- [TASK ITEM]: Using the listing below, output only the lines from the one that contains "Двустаен апартамент, Плевен, Идеален" through the one that contains "4708 Sabal Key", inclusive, exactly as given and without images.

- [INPUT FOR THIS TASK]:
────────────────

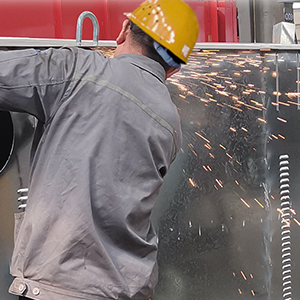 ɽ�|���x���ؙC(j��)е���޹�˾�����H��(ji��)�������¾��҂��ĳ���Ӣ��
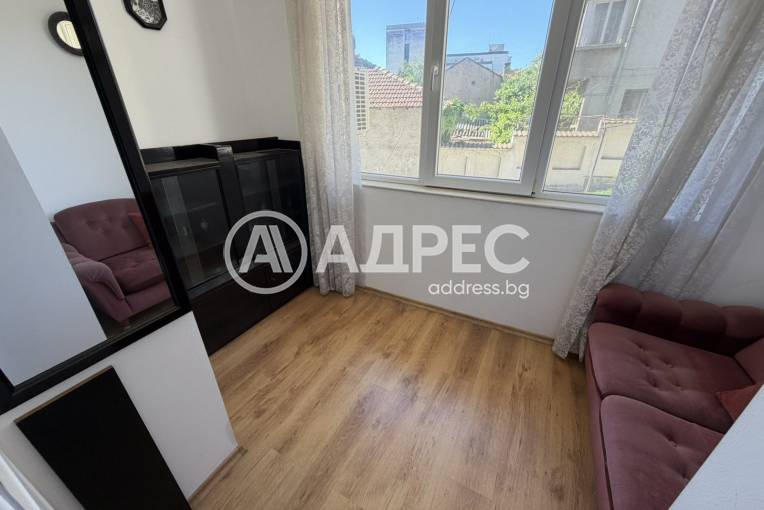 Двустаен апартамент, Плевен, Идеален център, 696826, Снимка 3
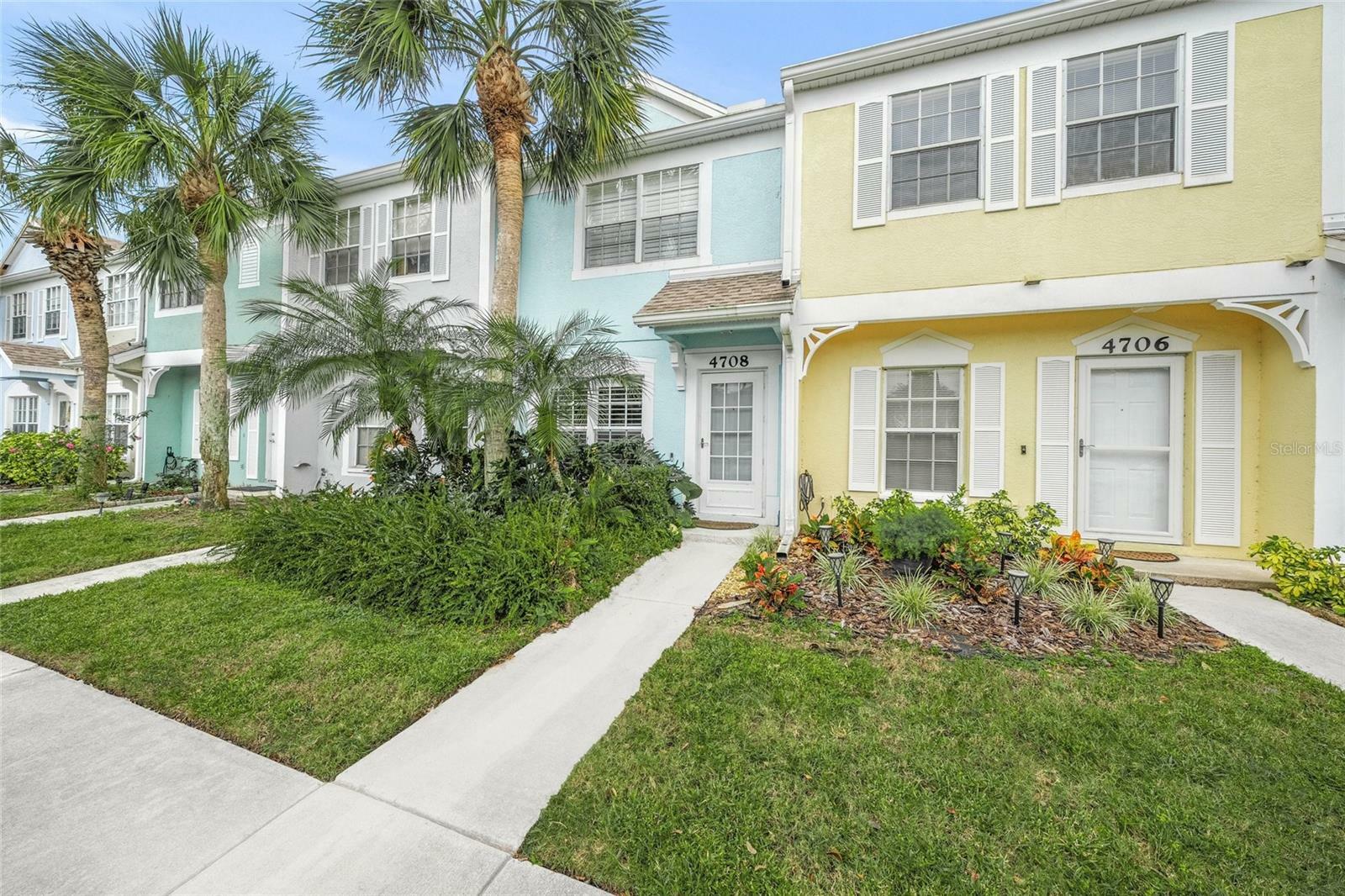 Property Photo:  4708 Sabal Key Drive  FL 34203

────────────────

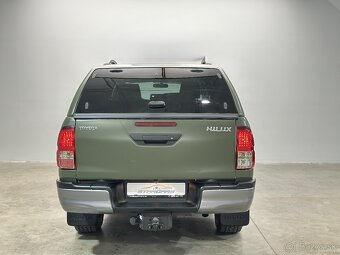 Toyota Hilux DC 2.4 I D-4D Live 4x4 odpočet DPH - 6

────────────────

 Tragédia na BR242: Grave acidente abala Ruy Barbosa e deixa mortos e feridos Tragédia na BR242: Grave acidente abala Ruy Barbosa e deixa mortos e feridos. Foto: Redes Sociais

────────────────

- [RESULT OF THIS TASK]:
 Двустаен апартамент, Плевен, Идеален център, 696826, Снимка 3
 Property Photo:  4708 Sabal Key Drive  FL 34203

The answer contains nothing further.